Georgia had a question on seeding grasses. Unfortunately, in our area, most of our grasses are running type grasses and therefore they don’t produce very good seed heads and are difficult to grow from seed. In fact, I don’t even really know of a good source for Bermuda or St. Augustine type grasses. In the fall, we can grow a winter rye, which is nice because it stays green through the winter, you can even throw it over the top of your St. Augustine or Bermuda, but it dies out in the heat. So we do carry that kind of grass seed at that time of year, but it doesn’t handle the heat.

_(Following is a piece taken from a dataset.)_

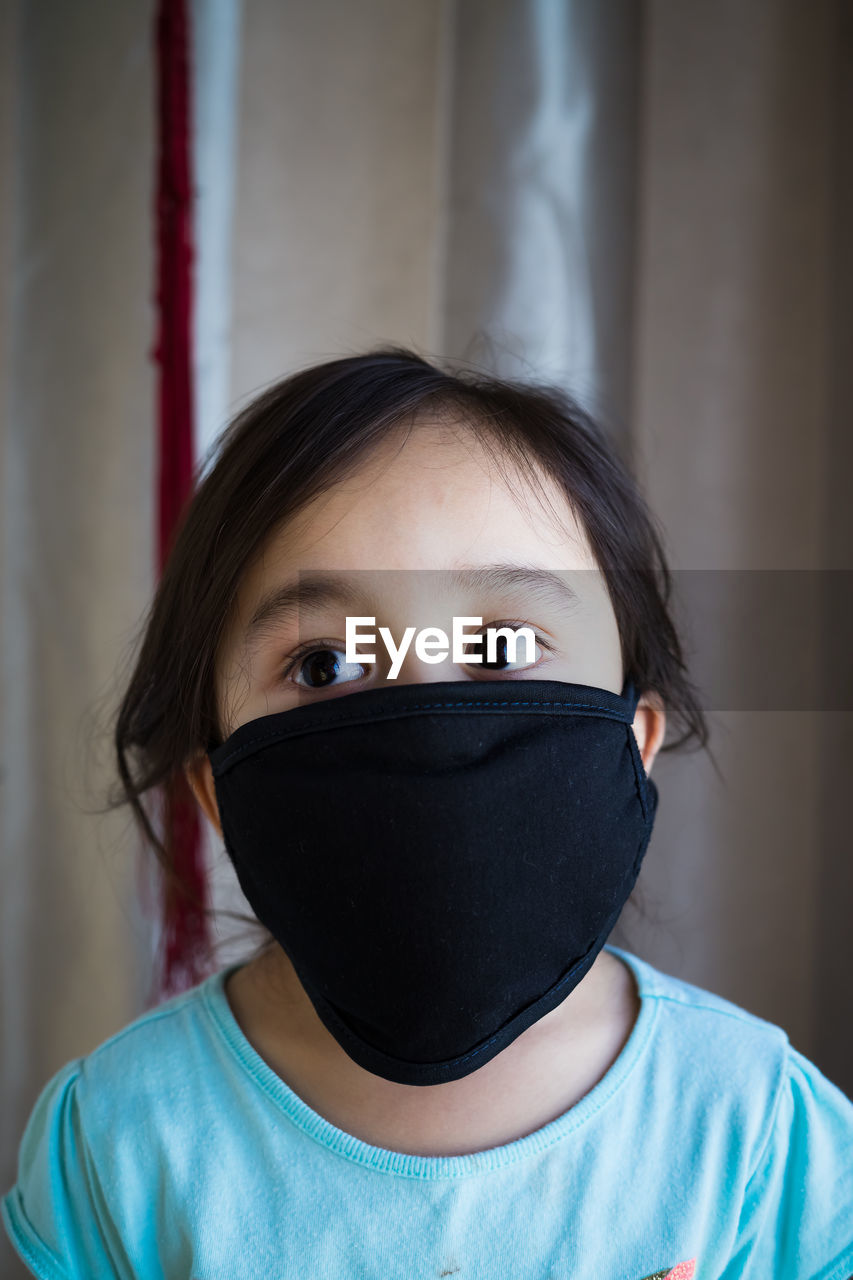 Girl wearing mask at home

What you do need to do, or the best thing to do for grass here, is to plant from a sod type form like this, in either Bermuda, St. Augustine, there’s a few other grasses that… And some of them handle shade better. There’s a Palmetto St. Augustine that handles shade really well. But what you’re looking for when you get the grass is you want a nice, thick base like this, where it’s got some good soil. We get a lot of complaints from people that go pick up some grass on the side of the road, and ultimately they come back saying it didn’t survive or didn’t make it or had a lot of weeds or other issues. You want to make sure that you get a good quality sod.

But this can be planted anytime of year. Yeah, you have to water a little bit more sometimes when it’s really hot or we have extended periods of dryness, but it’s definitely the way to go and it should root in and be ready to go within about a month, it roots in and then can be walked on regularly. So you want to use sod for grass.